On the 5th day of #RareChristmas Phoebe wants you to know...the disease is always there. Some days are good, they're filled with laughter, joy, smiles, and playing around. Some days are bad, they're filled with tears, sadness, pain and being curled up in a blanket. But no matter the day, good or bad, the disease is always there, and it's presence is always known. The symptoms never go away, they just lessen or intensify, with no rhyme or reason to why they do. So you make the most of the good days, because you never know when they will change. And you fight through the bad days, hoping they don't last too long. #12DaysofRareChristmas
On the 4th day of #RareChristmas Phoebe wants you to know....the spoon theory by Christine Miserandino. The theory is simply a story that explains what it is like to live with a chronic illness or disability. A person who is chronically disabled or ill only has a limited amount of expendable energy each day. The spoon theory uses a metaphor of spoons to turn energy into a measurable concept. A person living with chronic illness or disability only has a certain number of spoons in their possession each day, and every small action a person takes can result in a lost spoon. Once a person loses a spoon, it is very hard to get that back until after a full night’s sleep. Simple actions like getting out of bed, taking a shower, walking, and driving can require enormous amounts of energy that people don’t have. These chronic illnesses or disabilities can be visible or invisible. You cannot look at a person and tell if they have a chronic illness or disability or not, and these illnesses are not always physical in nature.
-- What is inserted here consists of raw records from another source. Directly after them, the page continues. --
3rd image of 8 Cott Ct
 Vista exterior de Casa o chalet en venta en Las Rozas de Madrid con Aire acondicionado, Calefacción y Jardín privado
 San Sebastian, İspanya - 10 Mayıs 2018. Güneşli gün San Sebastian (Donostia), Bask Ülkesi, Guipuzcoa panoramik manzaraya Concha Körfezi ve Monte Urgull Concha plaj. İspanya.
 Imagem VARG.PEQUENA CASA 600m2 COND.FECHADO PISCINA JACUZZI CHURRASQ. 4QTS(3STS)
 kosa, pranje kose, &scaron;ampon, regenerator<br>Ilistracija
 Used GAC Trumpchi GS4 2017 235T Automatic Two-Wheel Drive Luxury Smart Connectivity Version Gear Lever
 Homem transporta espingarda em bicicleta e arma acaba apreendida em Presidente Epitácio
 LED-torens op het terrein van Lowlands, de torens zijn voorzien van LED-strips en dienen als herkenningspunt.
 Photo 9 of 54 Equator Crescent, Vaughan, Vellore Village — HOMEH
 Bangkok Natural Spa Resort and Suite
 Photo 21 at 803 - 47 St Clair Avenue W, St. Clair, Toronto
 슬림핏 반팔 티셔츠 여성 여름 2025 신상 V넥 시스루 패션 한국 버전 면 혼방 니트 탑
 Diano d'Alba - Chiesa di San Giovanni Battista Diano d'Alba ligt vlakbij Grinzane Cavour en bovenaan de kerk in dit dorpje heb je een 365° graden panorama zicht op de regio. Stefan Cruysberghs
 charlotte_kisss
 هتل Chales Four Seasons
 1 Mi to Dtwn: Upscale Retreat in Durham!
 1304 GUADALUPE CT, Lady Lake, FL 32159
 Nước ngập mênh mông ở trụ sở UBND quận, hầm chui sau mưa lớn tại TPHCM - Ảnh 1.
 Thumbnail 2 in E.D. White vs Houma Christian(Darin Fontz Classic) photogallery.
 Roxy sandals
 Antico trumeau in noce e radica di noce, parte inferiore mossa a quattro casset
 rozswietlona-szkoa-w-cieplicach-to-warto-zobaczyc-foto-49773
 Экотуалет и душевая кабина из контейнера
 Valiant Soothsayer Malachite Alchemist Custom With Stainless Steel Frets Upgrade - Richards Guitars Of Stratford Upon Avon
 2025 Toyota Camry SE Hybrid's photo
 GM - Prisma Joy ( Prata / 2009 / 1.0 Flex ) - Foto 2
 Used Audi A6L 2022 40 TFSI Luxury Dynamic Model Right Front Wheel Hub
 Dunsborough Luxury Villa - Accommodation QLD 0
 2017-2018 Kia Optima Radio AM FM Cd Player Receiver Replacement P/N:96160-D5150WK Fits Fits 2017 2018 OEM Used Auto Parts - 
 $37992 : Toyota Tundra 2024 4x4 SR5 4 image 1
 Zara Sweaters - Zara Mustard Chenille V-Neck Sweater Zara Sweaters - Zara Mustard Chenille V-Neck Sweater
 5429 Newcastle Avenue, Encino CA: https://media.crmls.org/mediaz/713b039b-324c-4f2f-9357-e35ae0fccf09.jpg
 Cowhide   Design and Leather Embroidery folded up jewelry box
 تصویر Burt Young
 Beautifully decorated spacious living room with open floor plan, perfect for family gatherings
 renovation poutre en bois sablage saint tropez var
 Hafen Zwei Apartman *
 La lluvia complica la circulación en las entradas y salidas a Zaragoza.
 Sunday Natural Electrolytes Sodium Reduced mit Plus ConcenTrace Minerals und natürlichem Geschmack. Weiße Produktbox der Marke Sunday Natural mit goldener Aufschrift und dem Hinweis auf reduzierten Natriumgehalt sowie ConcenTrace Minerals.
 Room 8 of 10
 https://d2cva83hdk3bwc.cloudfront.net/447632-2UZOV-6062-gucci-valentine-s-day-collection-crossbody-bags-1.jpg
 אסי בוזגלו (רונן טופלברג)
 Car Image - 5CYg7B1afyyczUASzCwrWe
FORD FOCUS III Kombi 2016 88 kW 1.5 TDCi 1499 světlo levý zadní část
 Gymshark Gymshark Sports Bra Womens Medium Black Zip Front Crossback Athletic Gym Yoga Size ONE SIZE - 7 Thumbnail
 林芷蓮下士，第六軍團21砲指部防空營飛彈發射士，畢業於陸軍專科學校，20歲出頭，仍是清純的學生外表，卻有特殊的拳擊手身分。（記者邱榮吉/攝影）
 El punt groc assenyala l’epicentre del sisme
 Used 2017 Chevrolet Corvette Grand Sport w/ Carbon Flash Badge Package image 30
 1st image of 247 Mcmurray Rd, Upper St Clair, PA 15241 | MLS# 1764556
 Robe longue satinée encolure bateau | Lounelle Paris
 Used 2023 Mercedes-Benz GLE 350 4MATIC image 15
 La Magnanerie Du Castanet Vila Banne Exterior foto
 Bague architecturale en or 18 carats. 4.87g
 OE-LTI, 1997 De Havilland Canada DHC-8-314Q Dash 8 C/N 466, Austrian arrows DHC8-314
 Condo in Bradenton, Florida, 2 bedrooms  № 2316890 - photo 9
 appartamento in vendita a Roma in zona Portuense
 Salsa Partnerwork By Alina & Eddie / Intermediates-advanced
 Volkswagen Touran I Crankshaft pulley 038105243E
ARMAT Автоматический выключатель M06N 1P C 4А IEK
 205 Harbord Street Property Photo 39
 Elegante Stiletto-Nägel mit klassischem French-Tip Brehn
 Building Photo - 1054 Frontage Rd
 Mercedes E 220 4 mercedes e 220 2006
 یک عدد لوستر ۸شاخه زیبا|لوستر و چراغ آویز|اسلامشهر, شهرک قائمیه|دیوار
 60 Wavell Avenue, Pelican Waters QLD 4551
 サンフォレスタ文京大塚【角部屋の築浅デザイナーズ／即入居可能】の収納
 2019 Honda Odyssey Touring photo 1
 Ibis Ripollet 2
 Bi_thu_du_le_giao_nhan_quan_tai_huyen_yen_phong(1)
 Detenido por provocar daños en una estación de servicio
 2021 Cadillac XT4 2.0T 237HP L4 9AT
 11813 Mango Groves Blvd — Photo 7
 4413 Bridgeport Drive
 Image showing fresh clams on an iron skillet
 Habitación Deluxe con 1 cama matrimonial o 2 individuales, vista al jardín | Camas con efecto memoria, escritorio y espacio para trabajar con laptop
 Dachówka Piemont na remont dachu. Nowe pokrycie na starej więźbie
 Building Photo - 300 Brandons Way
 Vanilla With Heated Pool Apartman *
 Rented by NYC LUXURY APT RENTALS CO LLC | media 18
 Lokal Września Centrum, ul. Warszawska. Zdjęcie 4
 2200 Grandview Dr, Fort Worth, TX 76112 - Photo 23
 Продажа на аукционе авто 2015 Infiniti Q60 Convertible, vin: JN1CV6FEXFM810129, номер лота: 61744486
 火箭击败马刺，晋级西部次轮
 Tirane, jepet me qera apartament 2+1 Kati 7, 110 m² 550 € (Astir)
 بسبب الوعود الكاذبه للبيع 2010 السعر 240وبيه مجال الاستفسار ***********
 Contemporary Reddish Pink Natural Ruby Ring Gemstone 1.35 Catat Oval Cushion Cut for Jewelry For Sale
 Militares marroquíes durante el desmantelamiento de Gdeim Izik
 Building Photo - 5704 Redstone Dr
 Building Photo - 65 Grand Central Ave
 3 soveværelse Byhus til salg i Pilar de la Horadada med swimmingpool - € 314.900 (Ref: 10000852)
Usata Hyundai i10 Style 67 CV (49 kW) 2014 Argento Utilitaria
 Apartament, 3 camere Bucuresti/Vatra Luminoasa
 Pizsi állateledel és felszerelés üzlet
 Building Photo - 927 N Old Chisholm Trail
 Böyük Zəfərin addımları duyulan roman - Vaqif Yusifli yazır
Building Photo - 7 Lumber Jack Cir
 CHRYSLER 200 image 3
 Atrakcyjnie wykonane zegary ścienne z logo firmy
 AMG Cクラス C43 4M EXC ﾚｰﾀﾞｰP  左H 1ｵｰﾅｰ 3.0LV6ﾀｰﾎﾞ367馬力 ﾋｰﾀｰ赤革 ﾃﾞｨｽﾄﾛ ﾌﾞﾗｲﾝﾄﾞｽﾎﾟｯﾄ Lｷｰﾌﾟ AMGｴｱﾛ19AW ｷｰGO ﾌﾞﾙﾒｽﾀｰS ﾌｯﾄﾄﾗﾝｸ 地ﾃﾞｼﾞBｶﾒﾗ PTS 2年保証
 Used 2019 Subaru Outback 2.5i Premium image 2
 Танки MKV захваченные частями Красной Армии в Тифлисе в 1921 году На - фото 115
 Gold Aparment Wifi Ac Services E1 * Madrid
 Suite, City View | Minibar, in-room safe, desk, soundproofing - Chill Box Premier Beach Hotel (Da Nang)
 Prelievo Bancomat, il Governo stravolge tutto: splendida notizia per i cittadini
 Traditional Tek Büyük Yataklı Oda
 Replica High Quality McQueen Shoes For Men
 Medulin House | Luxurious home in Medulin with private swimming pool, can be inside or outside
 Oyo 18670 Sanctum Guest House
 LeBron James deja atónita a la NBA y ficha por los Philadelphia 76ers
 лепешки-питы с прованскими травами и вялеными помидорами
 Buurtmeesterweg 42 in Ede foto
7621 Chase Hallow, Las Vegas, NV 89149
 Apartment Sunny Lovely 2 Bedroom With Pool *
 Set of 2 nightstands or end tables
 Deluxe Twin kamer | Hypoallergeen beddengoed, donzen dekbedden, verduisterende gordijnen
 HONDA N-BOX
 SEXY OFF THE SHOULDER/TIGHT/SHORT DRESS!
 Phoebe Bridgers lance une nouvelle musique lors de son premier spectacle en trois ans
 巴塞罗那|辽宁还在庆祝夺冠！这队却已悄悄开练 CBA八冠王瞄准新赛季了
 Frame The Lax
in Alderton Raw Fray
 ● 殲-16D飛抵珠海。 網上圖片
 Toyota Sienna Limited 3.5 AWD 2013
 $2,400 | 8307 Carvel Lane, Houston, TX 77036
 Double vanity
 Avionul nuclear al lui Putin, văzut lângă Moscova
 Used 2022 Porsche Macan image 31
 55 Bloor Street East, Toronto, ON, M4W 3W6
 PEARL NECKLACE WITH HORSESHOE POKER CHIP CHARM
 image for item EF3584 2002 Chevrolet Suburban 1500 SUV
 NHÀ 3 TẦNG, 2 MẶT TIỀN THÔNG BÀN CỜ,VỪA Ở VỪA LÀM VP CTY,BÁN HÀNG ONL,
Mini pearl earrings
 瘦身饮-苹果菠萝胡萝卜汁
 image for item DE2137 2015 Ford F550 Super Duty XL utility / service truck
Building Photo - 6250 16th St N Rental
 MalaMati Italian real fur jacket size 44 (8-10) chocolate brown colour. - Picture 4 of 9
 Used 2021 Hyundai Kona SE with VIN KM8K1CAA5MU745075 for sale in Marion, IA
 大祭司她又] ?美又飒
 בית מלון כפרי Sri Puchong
On the 3rd day of #RareChristmas Phoebe wants you to know...living rare comes with limitations. You are not always able to do things other children your age do. You are not always able to experience things your siblings have as they have grown. You are not always able to participate in activities and gatherings with friends and family. Phoebe experiences many limitations each day. And no matter how routine her limitations are, or how "used" to them she has become, she still longs to be just like her sisters, able to do all the things they get to do. #12DaysofRareChristmas
On the 2nd day of #RareChristmas Phoebe wants you to know...living rare measn fighting to stay out of the emergency room. With the excitement of Christmas, looking at the lights, waiting for Santa and the joy of playing with her new toys, Phoebe has a difficult time pacing herself. She doesn't want to miss anything and does not take the rest or fluids she needs. There past few years she has needed trips to the ER the day after Christmas for IV fluids and rest. And while we have not had to make a trip to the ER yet today, she is balancing on the edge of possibly needing to go. So it is with the tricks her team of doctors have taught us that she is fighting very hard to stay at home. #12DaysofRareChristmas
On the 1st day of #RareChristmas Phoebe wants you to know...living rare usually means you have a large team of doctors that you visit frequently. Phoebe has a team of 16 doctos in 12 specialties across 3 states that work on her care. Having a team of doctors that size means she has an appointment with on of them just about every week, sometimes she has multiples appointments a week, and occassionally she is lucky to have a week with no appointments at all. But whether or not we have appointments during the week, we are in constant communication with her team of doctors discussing her case, reviewing results, brainstorming ideas, or updating on her current status. #12DaysofRareChristmas
The true author of this blog is my daughter Phoebe. This is her life. I am blessed beyond words to be her mommy and to be able to share her story with you.